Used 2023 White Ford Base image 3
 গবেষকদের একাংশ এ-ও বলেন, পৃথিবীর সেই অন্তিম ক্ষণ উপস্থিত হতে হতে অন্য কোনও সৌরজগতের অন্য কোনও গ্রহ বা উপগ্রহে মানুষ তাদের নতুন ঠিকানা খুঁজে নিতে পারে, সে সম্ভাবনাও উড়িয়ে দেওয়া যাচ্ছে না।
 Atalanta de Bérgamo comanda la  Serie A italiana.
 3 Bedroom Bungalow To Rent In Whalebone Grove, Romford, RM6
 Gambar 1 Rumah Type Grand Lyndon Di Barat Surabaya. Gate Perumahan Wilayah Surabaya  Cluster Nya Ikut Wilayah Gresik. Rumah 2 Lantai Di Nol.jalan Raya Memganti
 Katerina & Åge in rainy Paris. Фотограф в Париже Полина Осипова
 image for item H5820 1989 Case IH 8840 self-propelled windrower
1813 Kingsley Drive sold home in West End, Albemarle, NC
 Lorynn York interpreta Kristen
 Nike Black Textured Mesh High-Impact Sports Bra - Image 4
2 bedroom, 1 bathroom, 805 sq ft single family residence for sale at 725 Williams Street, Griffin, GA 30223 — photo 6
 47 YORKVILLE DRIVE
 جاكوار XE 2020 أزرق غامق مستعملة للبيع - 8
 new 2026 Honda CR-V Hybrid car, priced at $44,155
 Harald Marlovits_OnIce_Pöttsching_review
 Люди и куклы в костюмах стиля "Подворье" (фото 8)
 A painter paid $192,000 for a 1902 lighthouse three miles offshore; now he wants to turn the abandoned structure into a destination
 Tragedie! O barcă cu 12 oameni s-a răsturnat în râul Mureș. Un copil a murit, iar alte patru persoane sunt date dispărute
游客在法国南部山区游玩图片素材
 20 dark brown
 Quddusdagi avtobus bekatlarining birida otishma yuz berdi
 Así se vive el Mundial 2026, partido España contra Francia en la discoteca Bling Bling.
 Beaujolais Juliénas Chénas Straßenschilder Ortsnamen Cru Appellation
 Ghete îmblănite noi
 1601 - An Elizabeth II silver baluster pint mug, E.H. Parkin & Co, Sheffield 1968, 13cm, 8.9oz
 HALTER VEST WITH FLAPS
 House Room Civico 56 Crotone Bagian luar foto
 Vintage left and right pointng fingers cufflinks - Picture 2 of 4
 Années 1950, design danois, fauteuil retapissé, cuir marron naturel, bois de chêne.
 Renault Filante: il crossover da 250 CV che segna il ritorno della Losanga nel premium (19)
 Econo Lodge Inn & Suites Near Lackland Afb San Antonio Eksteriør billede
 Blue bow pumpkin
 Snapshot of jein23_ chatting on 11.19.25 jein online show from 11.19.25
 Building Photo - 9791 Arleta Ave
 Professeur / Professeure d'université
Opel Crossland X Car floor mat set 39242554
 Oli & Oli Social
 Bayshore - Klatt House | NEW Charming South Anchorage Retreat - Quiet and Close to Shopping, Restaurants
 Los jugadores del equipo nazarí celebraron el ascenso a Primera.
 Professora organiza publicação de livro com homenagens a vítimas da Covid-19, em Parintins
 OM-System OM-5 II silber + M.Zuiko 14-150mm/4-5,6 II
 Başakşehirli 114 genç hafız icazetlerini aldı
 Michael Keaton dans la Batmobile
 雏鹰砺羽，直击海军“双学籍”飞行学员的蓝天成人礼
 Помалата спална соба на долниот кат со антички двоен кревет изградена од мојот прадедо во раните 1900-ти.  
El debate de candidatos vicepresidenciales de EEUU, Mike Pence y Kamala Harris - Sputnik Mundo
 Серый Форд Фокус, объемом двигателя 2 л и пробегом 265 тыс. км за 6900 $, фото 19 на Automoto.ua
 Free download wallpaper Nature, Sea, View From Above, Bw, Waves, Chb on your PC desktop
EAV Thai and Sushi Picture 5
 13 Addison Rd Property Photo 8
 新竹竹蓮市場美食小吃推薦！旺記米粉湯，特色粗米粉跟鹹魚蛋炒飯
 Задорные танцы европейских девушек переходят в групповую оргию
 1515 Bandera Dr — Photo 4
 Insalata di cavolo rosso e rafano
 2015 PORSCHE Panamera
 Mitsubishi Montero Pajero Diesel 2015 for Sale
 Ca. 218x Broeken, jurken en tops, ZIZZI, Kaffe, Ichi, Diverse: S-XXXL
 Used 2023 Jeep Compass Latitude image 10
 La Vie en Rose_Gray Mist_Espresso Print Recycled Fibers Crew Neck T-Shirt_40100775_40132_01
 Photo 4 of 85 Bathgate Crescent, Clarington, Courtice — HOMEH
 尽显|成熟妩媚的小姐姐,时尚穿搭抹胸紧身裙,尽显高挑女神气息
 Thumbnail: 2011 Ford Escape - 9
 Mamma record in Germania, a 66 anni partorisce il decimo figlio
________________________
Output the listing above word for word.

Used 2023 White Ford Base image 3
 গবেষকদের একাংশ এ-ও বলেন, পৃথিবীর সেই অন্তিম ক্ষণ উপস্থিত হতে হতে অন্য কোনও সৌরজগতের অন্য কোনও গ্রহ বা উপগ্রহে মানুষ তাদের নতুন ঠিকানা খুঁজে নিতে পারে, সে সম্ভাবনাও উড়িয়ে দেওয়া যাচ্ছে না।
 Atalanta de Bérgamo comanda la  Serie A italiana.
 3 Bedroom Bungalow To Rent In Whalebone Grove, Romford, RM6
 Gambar 1 Rumah Type Grand Lyndon Di Barat Surabaya. Gate Perumahan Wilayah Surabaya  Cluster Nya Ikut Wilayah Gresik. Rumah 2 Lantai Di Nol.jalan Raya Memganti
 Katerina & Åge in rainy Paris. Фотограф в Париже Полина Осипова
 image for item H5820 1989 Case IH 8840 self-propelled windrower
1813 Kingsley Drive sold home in West End, Albemarle, NC
 Lorynn York interpreta Kristen
 Nike Black Textured Mesh High-Impact Sports Bra - Image 4
2 bedroom, 1 bathroom, 805 sq ft single family residence for sale at 725 Williams Street, Griffin, GA 30223 — photo 6
 47 YORKVILLE DRIVE
 جاكوار XE 2020 أزرق غامق مستعملة للبيع - 8
 new 2026 Honda CR-V Hybrid car, priced at $44,155
 Harald Marlovits_OnIce_Pöttsching_review
 Люди и куклы в костюмах стиля "Подворье" (фото 8)
 A painter paid $192,000 for a 1902 lighthouse three miles offshore; now he wants to turn the abandoned structure into a destination
 Tragedie! O barcă cu 12 oameni s-a răsturnat în râul Mureș. Un copil a murit, iar alte patru persoane sunt date dispărute
游客在法国南部山区游玩图片素材
 20 dark brown
 Quddusdagi avtobus bekatlarining birida otishma yuz berdi
 Así se vive el Mundial 2026, partido España contra Francia en la discoteca Bling Bling.
 Beaujolais Juliénas Chénas Straßenschilder Ortsnamen Cru Appellation
 Ghete îmblănite noi
 1601 - An Elizabeth II silver baluster pint mug, E.H. Parkin & Co, Sheffield 1968, 13cm, 8.9oz
 HALTER VEST WITH FLAPS
 House Room Civico 56 Crotone Bagian luar foto
 Vintage left and right pointng fingers cufflinks - Picture 2 of 4
 Années 1950, design danois, fauteuil retapissé, cuir marron naturel, bois de chêne.
 Renault Filante: il crossover da 250 CV che segna il ritorno della Losanga nel premium (19)
 Econo Lodge Inn & Suites Near Lackland Afb San Antonio Eksteriør billede
 Blue bow pumpkin
 Snapshot of jein23_ chatting on 11.19.25 jein online show from 11.19.25
 Building Photo - 9791 Arleta Ave
 Professeur / Professeure d'université
Opel Crossland X Car floor mat set 39242554
 Oli & Oli Social
 Bayshore - Klatt House | NEW Charming South Anchorage Retreat - Quiet and Close to Shopping, Restaurants
 Los jugadores del equipo nazarí celebraron el ascenso a Primera.
 Professora organiza publicação de livro com homenagens a vítimas da Covid-19, em Parintins
 OM-System OM-5 II silber + M.Zuiko 14-150mm/4-5,6 II
 Başakşehirli 114 genç hafız icazetlerini aldı
 Michael Keaton dans la Batmobile
 雏鹰砺羽，直击海军“双学籍”飞行学员的蓝天成人礼
 Помалата спална соба на долниот кат со антички двоен кревет изградена од мојот прадедо во раните 1900-ти.  
El debate de candidatos vicepresidenciales de EEUU, Mike Pence y Kamala Harris - Sputnik Mundo
 Серый Форд Фокус, объемом двигателя 2 л и пробегом 265 тыс. км за 6900 $, фото 19 на Automoto.ua
 Free download wallpaper Nature, Sea, View From Above, Bw, Waves, Chb on your PC desktop
EAV Thai and Sushi Picture 5
 13 Addison Rd Property Photo 8
 新竹竹蓮市場美食小吃推薦！旺記米粉湯，特色粗米粉跟鹹魚蛋炒飯
 Задорные танцы европейских девушек переходят в групповую оргию
 1515 Bandera Dr — Photo 4
 Insalata di cavolo rosso e rafano
 2015 PORSCHE Panamera
 Mitsubishi Montero Pajero Diesel 2015 for Sale
 Ca. 218x Broeken, jurken en tops, ZIZZI, Kaffe, Ichi, Diverse: S-XXXL
 Used 2023 Jeep Compass Latitude image 10
 La Vie en Rose_Gray Mist_Espresso Print Recycled Fibers Crew Neck T-Shirt_40100775_40132_01
 Photo 4 of 85 Bathgate Crescent, Clarington, Courtice — HOMEH
 尽显|成熟妩媚的小姐姐,时尚穿搭抹胸紧身裙,尽显高挑女神气息
 Thumbnail: 2011 Ford Escape - 9
 Mamma record in Germania, a 66 anni partorisce il decimo figlio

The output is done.